Court of Appeal for Ontario
Date: 2017-04-06 Docket: C62498 and C62704
Judges: Rouleau, Pepall and Roberts JJ.A.
Parties
Between
Lina Lochner, Paul Lochner and George Lochner by his litigation guardian – Public Guardian and Trustee
Plaintiffs (Appellants)
and
PC Gordon Callanan, Sgt Mark Armstrong, PC Domenic Bruzzese, PC David Bragg, PC William Shikatani, PC Gissa Waters, PC Stephen Carmichael and Toronto Police Services Board
Defendants (Respondents in Appeal)
Counsel
Lina Lochner and Paul Lochner, acting in person
Walter Kim, for the Public Guardian and Trustee
Laura Day, for the respondents
Hearing and Appeal
Heard: March 23, 2017
On appeal from: the orders of Justice Robert Goldstein of the Superior Court of Justice, dated July 8, 2016 and September 13, 2016.
Endorsement
[1] The appellants appeal the two orders of the motions judge and bring a motion to introduce fresh evidence on appeal.

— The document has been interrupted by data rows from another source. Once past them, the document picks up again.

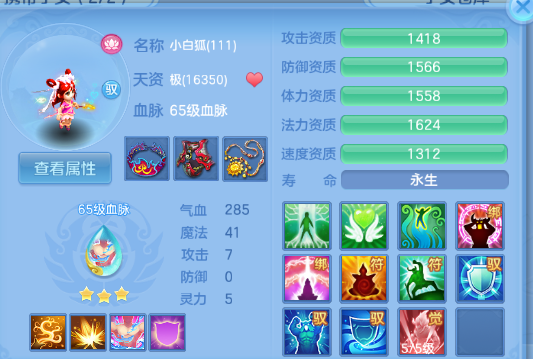 微信图片_20260628132042_47_14028.png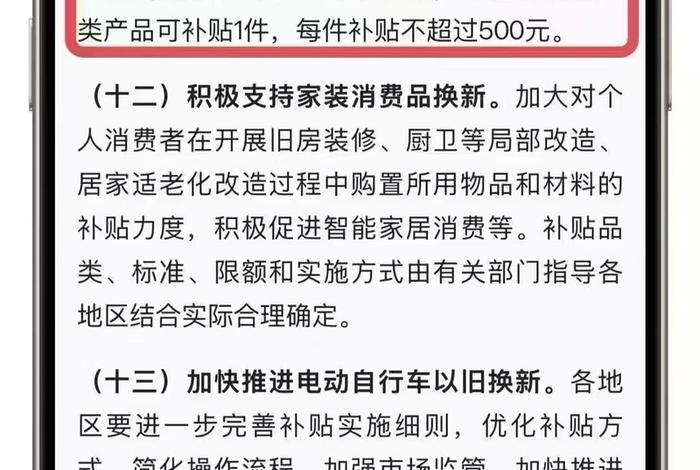电商补贴问题给中央打电话 - 电商补贴问题给中央打电话有用吗 电商补贴问题给中央打电话 - 电商补贴问题给中央打电话有用吗
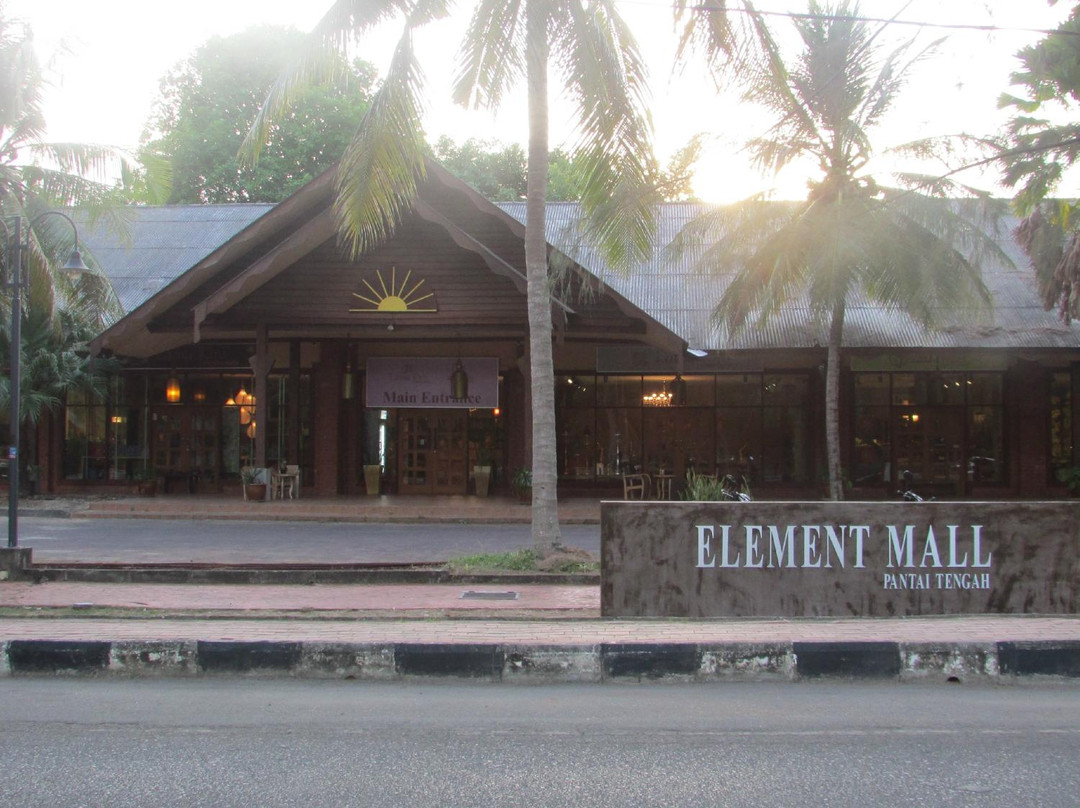 Element mall景点图片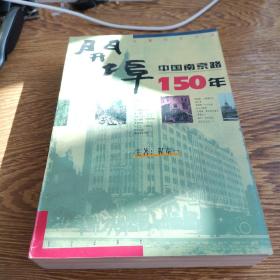 开埠：中国南京路150年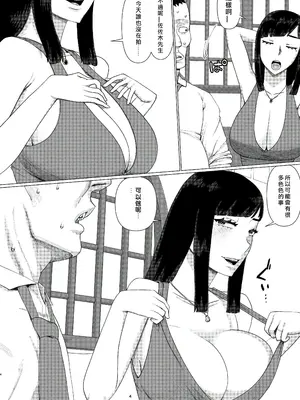 [地獄のにゃんこ] ちえりさんは負けられない!3 -夫公認で誰の精子でも受精する変態便器妻- 第6巻 [中国翻訳]_0006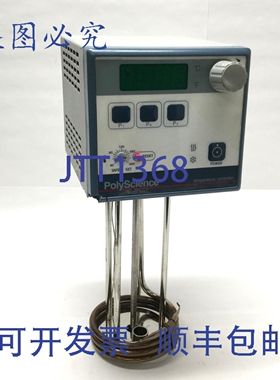 原装供应PolyScience 7306A11B 水循环器温控器 1kW 出售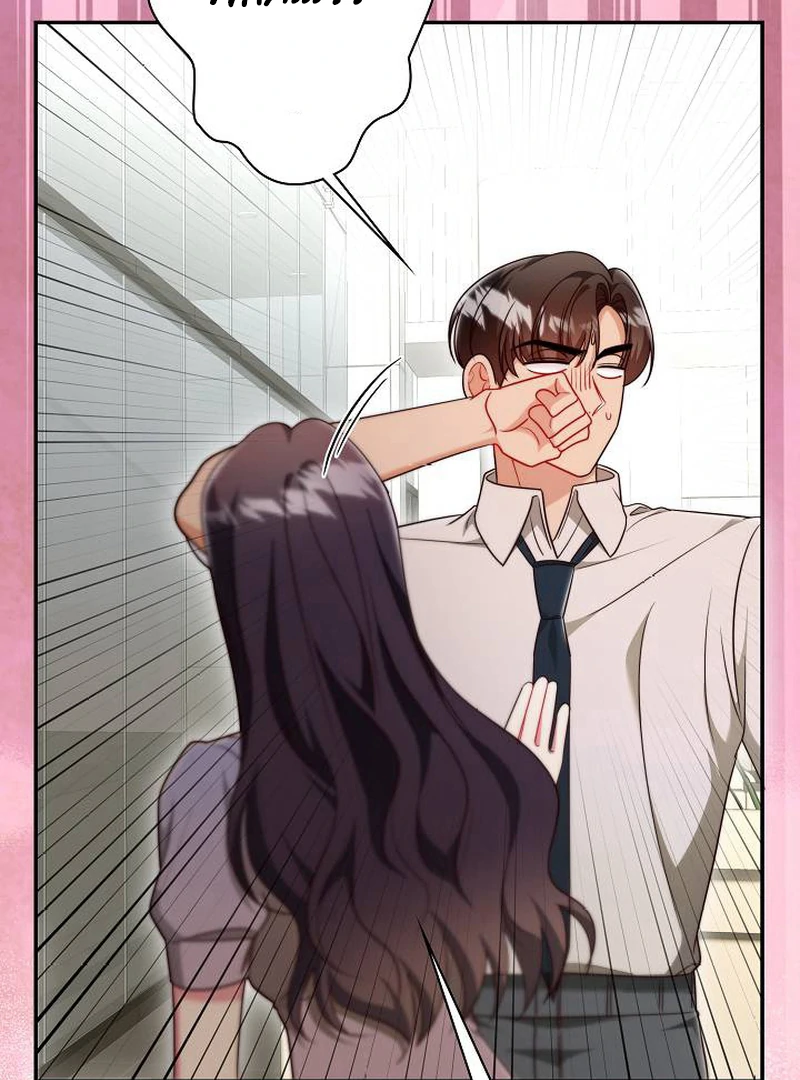 The Perfect Man’s Secret Chapter 25 94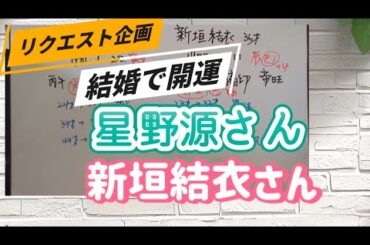 結婚で災難回避🙏星野源さん、新垣結衣さんを占いました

[2] These proceedings arise out of an altercation between the appellants, George Lochner, and the police, during which George Lochner was tasered by the police. The appellants and George Lochner brought an action for damages against the police. The appellants' claims were dismissed when they failed to attend at the trial of their action.

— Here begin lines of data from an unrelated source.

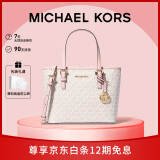 MICHAEL KORS【520礼物送女友】MK女包JET SET TRAVEL托特菜篮子迷你香草白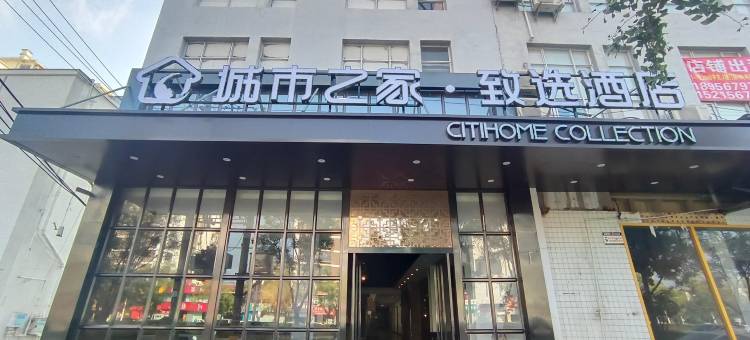 城市之家·致选酒店(亳州职业技术学院南半球店)图片
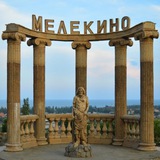 Telegram profile photo for Мелекино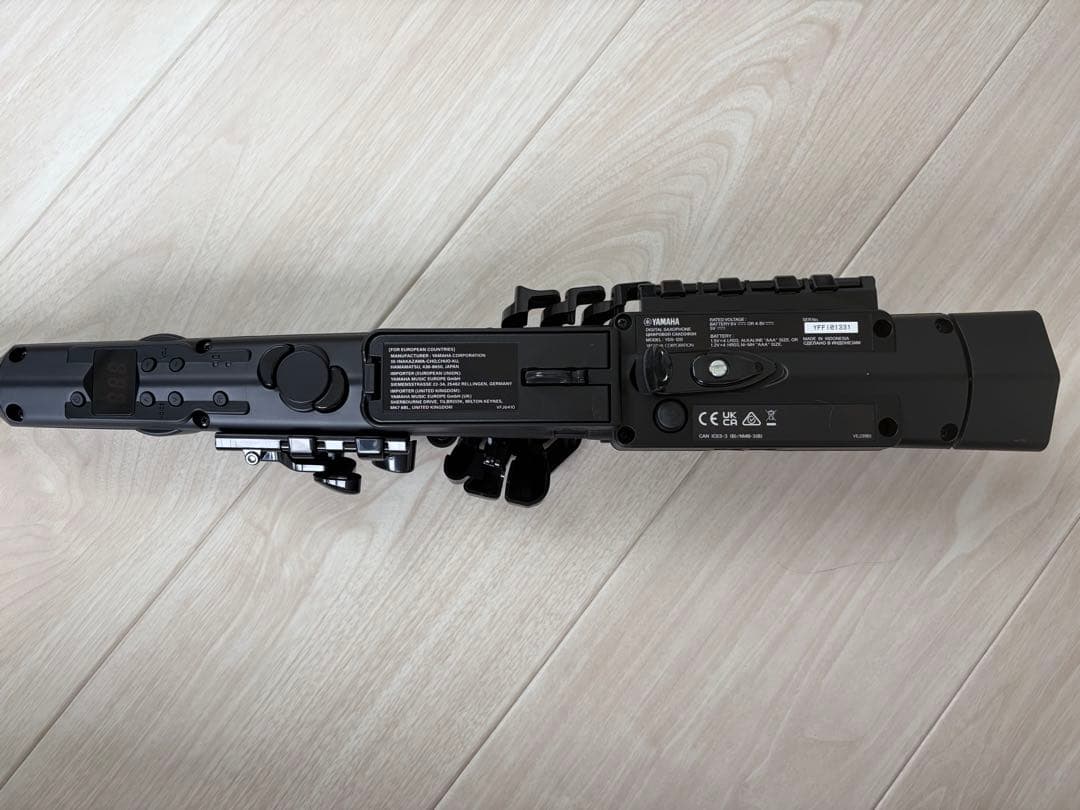 Yamaha Saxophones Yds-120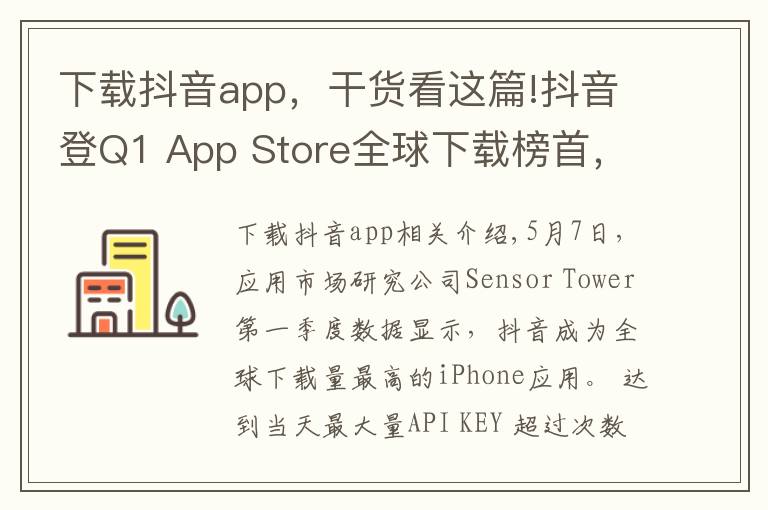 下載抖音app，干貨看這篇!抖音登Q1 App Store全球下載榜首，品牌換新廣告刷屏再吸睛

[3] George Lochner is a person under a disability. The Public Guardian and Trustee is his litigation guardian in the proceedings arising from his altercation with the police. The proposed settlement of George Lochner's claim received court approval by order of Justice D. Wilson ("the settlement approval judge") on March 9, 2016 ("the settlement order").
[4] The appellants take issue with the settlement of George Lochner's claim. They brought a motion to set aside the settlement order under r. 37.14, and then brought another motion to set aside that order, this time relying on r. 39.01(6). Both motions were dismissed. The motions judge also ordered that they were prohibited from filing any further motions in the Superior Court absent leave. They appeal from each of the orders.
Standing to Challenge the Settlement Order
[5] With respect to the dismissal of their r. 37.14 motion, the appellants submit that the motions judge erred in determining that they had no standing to bring that motion.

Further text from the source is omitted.